Captioned web images:
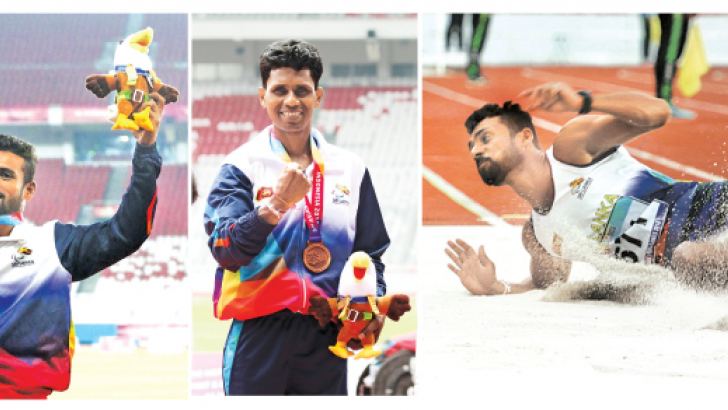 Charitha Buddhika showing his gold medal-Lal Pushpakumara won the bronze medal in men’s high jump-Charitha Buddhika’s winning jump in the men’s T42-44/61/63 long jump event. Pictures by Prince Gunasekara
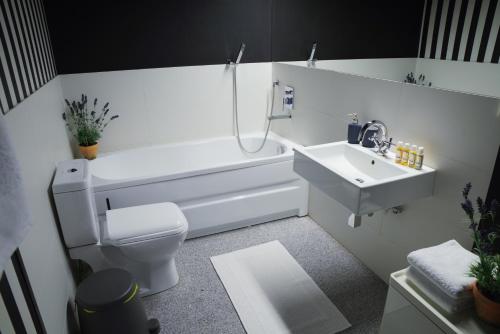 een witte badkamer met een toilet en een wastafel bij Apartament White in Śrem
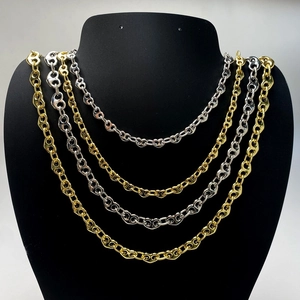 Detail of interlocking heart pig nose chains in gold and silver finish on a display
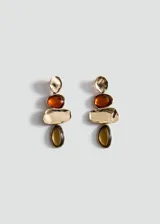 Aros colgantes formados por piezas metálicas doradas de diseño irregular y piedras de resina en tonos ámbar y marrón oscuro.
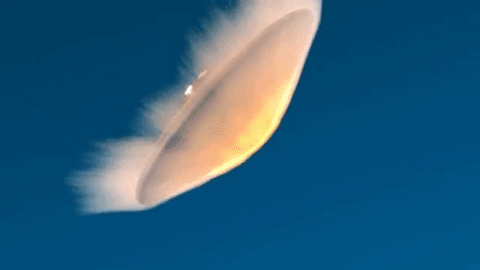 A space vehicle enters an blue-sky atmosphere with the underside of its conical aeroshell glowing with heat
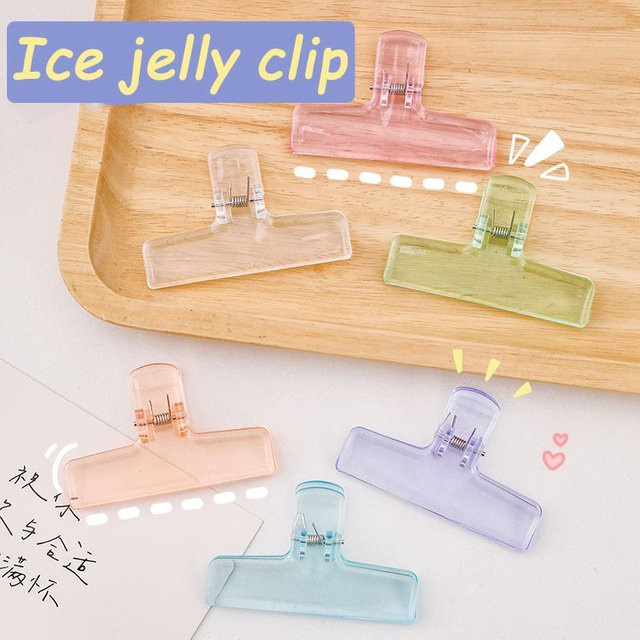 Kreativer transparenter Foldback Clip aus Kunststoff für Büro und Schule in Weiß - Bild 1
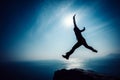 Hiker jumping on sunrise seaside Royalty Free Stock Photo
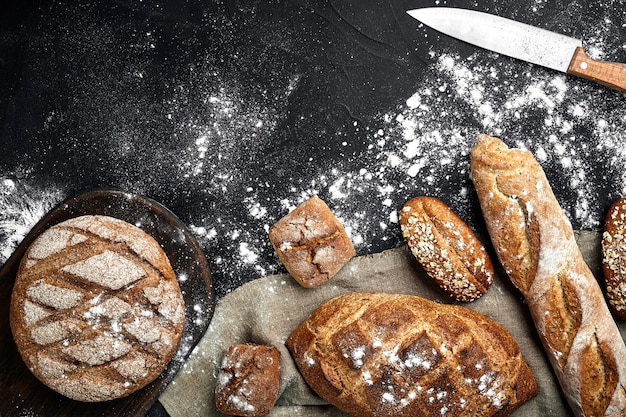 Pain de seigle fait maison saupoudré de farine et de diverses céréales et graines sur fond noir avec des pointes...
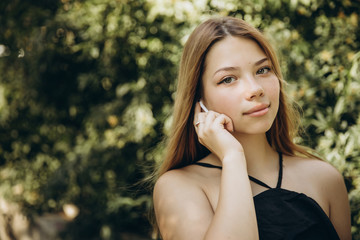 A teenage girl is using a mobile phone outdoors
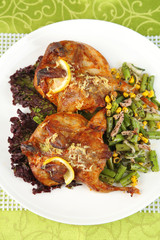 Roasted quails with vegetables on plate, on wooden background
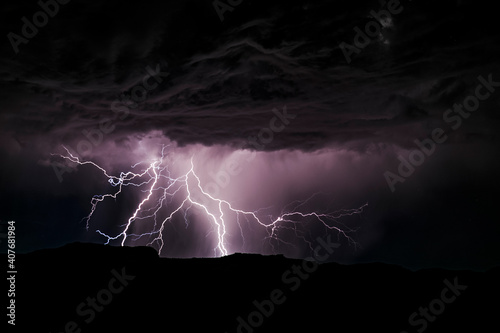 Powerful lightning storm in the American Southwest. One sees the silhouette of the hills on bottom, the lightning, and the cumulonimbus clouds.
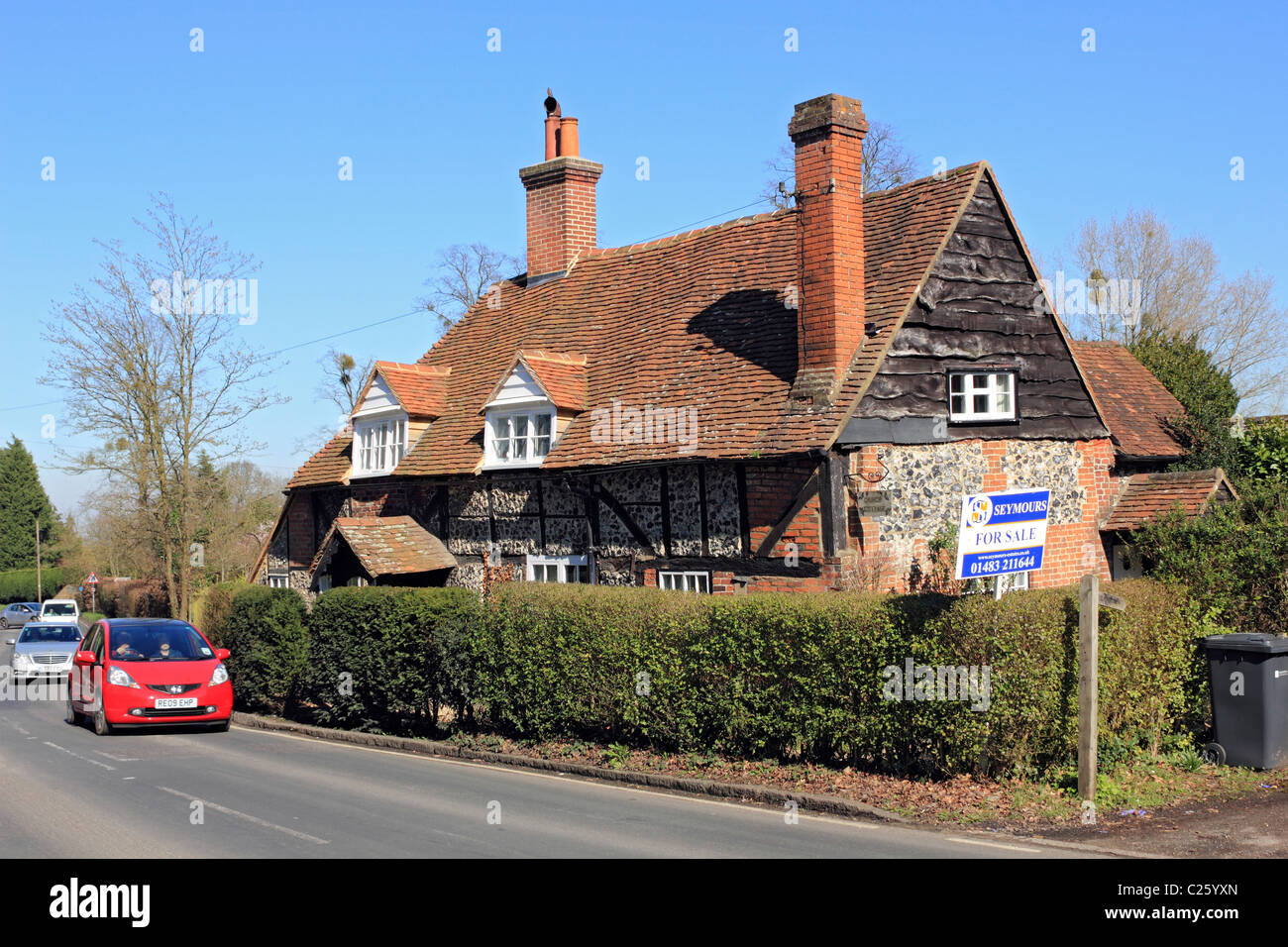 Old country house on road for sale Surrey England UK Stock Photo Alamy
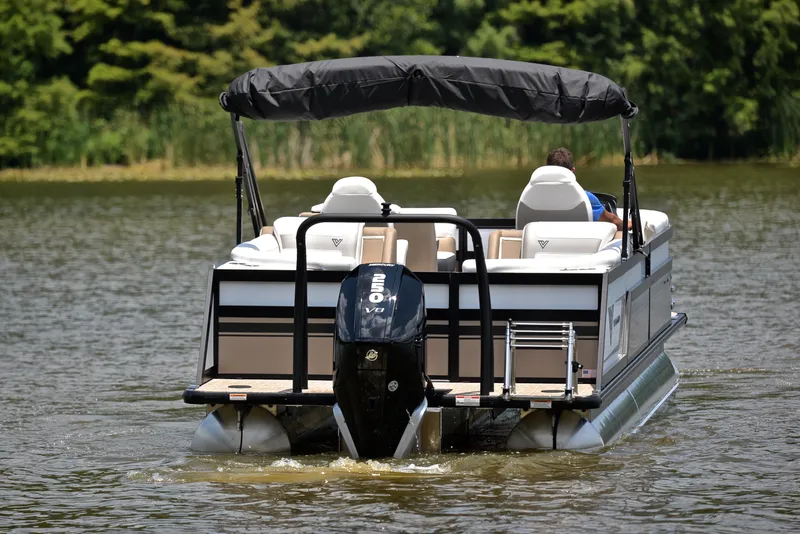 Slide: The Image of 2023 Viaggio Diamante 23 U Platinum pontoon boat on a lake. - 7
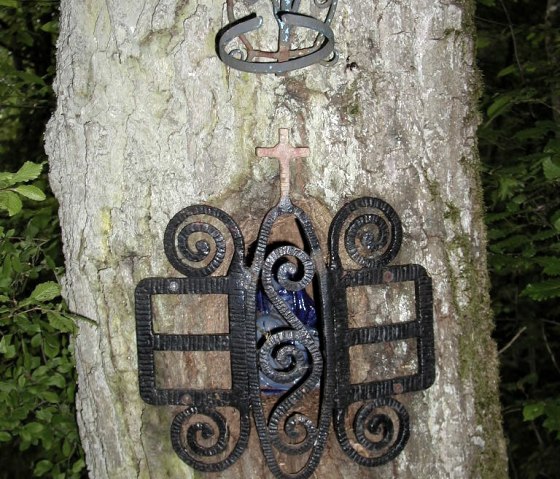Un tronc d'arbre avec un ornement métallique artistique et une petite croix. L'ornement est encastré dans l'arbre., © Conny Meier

EXERCISE REQUIREMENTS:
Where a record above holds a picture, drop the picture and print the rest exactly.

OUTPUT BELOW:
 Charitha Buddhika showing his gold medal-Lal Pushpakumara won the bronze medal in men’s high jump-Charitha Buddhika’s winning jump in the men’s T42-44/61/63 long jump event. Pictures by Prince Gunasekara
 een witte badkamer met een toilet en een wastafel bij Apartament White in Śrem
 Detail of interlocking heart pig nose chains in gold and silver finish on a display
 Aros colgantes formados por piezas metálicas doradas de diseño irregular y piedras de resina en tonos ámbar y marrón oscuro.
 A space vehicle enters an blue-sky atmosphere with the underside of its conical aeroshell glowing with heat
 Kreativer transparenter Foldback Clip aus Kunststoff für Büro und Schule in Weiß - Bild 1
 Hiker jumping on sunrise seaside Royalty Free Stock Photo
 Pain de seigle fait maison saupoudré de farine et de diverses céréales et graines sur fond noir avec des pointes...
 A teenage girl is using a mobile phone outdoors
 Roasted quails with vegetables on plate, on wooden background
 Powerful lightning storm in the American Southwest. One sees the silhouette of the hills on bottom, the lightning, and the cumulonimbus clouds.
 Old country house on road for sale Surrey England UK Stock Photo Alamy
 Slide: The Image of 2023 Viaggio Diamante 23 U Platinum pontoon boat on a lake. - 7
Un tronc d'arbre avec un ornement métallique artistique et une petite croix. L'ornement est encastré dans l'arbre., © Conny Meier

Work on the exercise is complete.